### Work required
Of the lines listed below, return exactly those that run from the line containing "Shaped Couch Set" through the line containing "Natural Horse Hair", both included.

### Source information
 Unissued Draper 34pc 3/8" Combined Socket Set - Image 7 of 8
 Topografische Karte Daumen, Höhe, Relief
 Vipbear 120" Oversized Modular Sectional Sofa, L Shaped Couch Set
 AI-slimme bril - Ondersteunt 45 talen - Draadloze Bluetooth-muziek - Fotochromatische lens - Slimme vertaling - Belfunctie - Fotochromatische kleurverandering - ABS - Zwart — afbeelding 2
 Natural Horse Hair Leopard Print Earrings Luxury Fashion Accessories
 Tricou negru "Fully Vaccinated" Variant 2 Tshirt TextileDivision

--

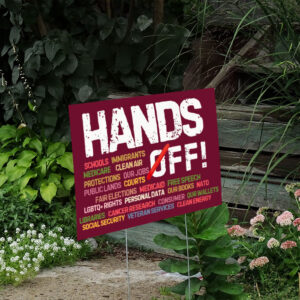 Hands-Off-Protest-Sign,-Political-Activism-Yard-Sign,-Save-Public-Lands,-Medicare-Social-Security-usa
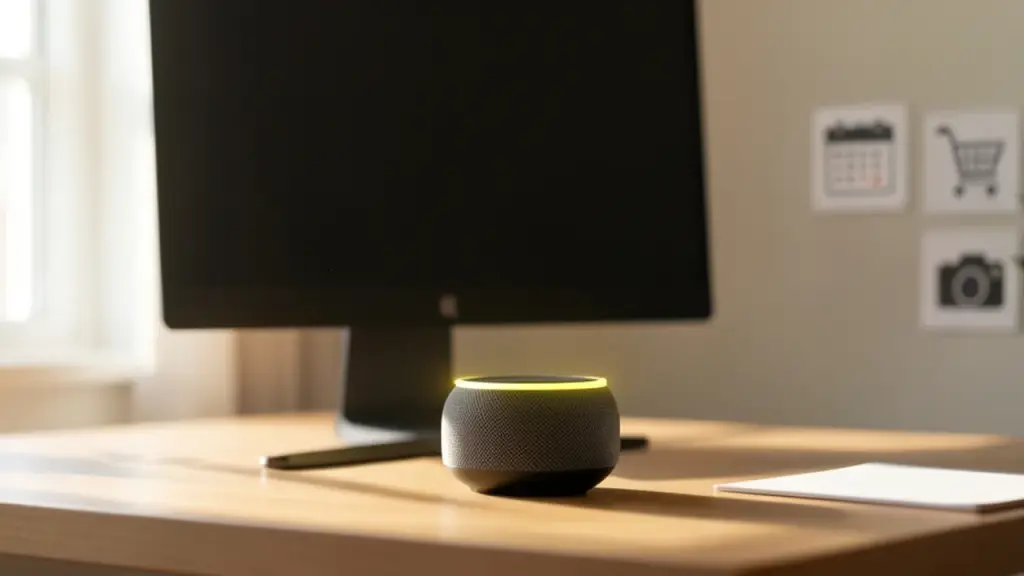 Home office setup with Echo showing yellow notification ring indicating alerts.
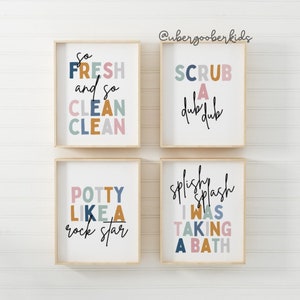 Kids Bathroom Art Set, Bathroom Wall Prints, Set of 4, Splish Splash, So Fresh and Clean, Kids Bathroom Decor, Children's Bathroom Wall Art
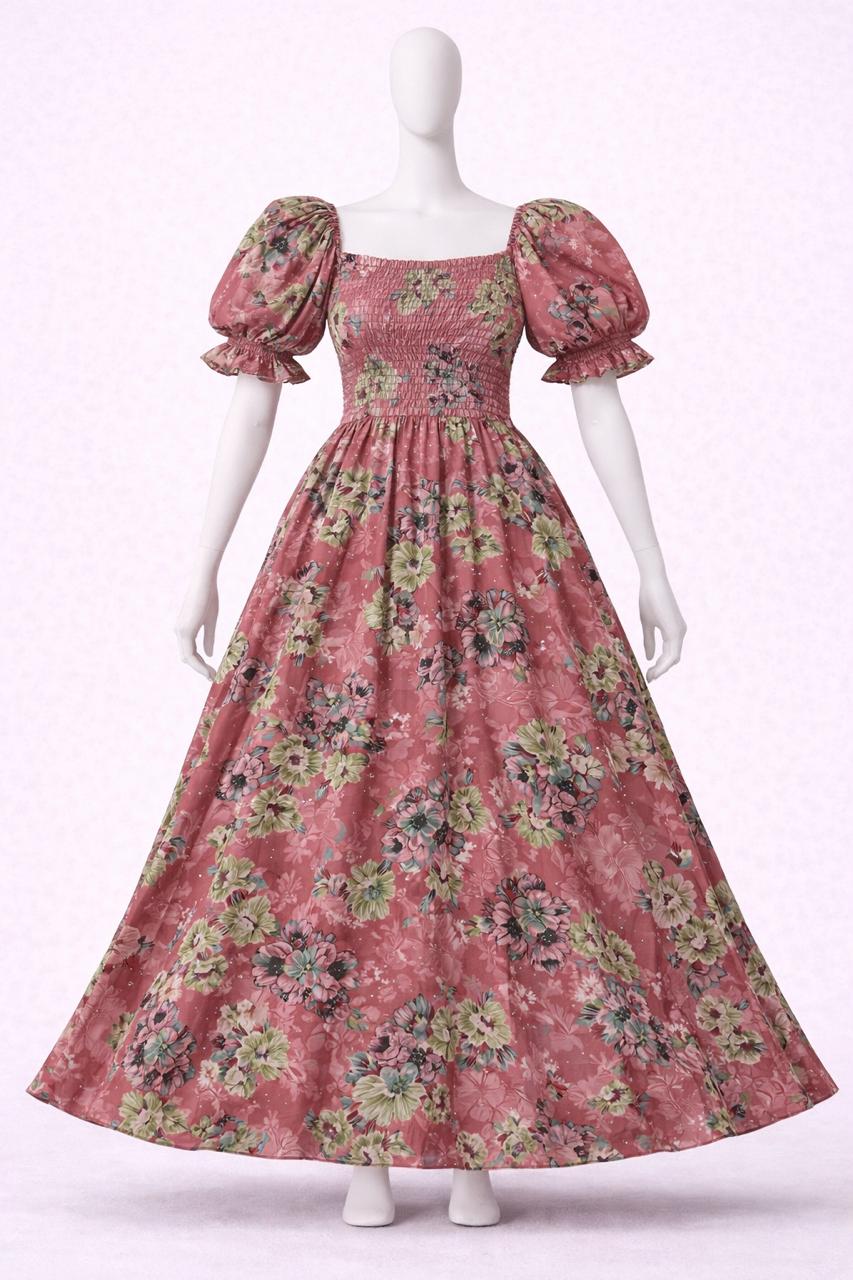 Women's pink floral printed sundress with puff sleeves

### Response
 Vipbear 120" Oversized Modular Sectional Sofa, L Shaped Couch Set
 AI-slimme bril - Ondersteunt 45 talen - Draadloze Bluetooth-muziek - Fotochromatische lens - Slimme vertaling - Belfunctie - Fotochromatische kleurverandering - ABS - Zwart — afbeelding 2
 Natural Horse Hair Leopard Print Earrings Luxury Fashion Accessories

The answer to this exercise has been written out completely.